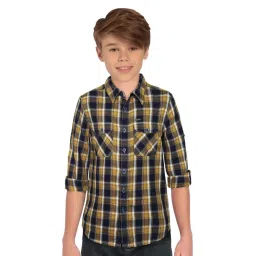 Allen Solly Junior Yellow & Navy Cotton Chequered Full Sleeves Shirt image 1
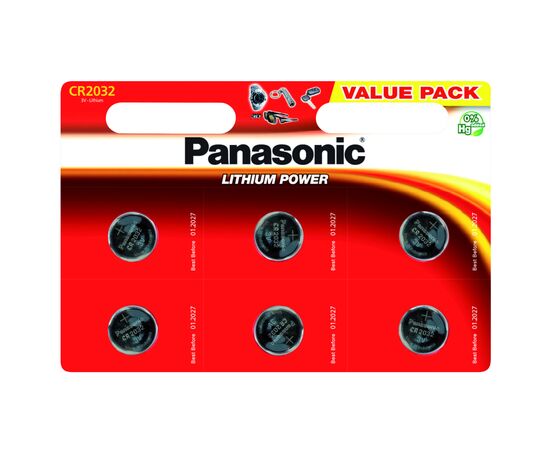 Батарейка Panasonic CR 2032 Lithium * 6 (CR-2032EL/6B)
··········
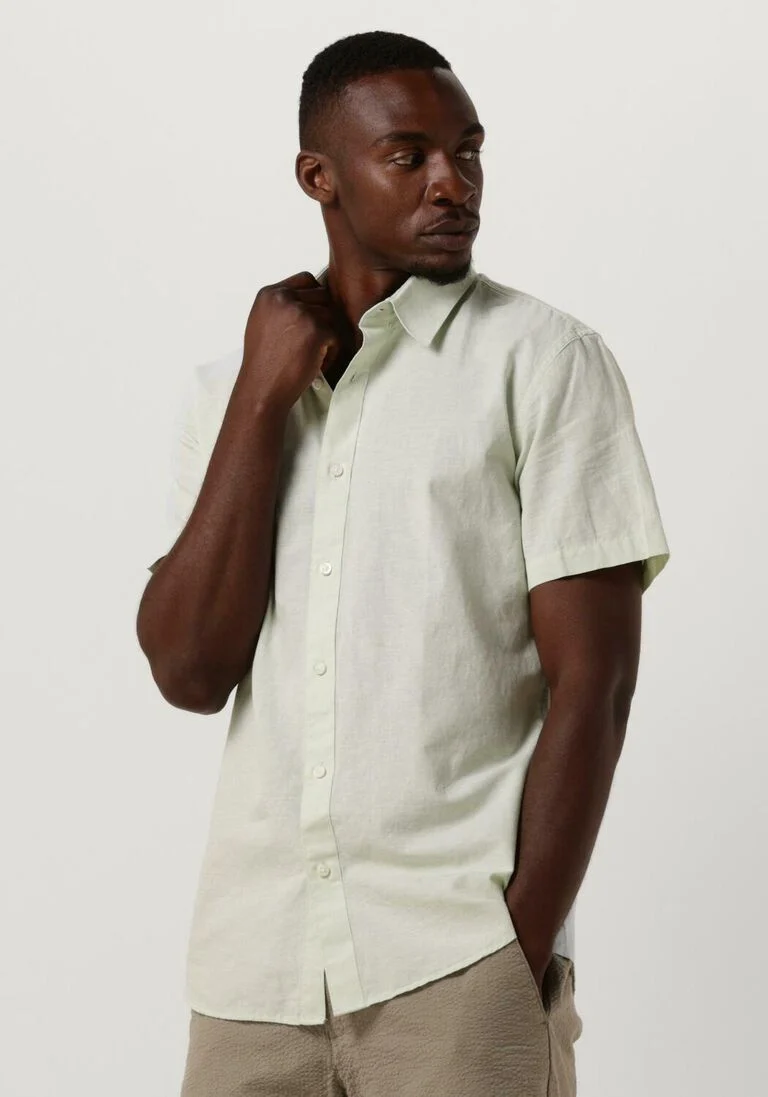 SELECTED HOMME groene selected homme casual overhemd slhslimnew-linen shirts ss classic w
··········
Exercise> Would you copy the lines above exactly, starting with the one that has "Allen Solly Junior" and ending with the one that has "Батарейка Panasonic CR", both included, without the pictures?

Completed exercise>
 Allen Solly Junior Yellow & Navy Cotton Chequered Full Sleeves Shirt image 1
 Батарейка Panasonic CR 2032 Lithium * 6 (CR-2032EL/6B)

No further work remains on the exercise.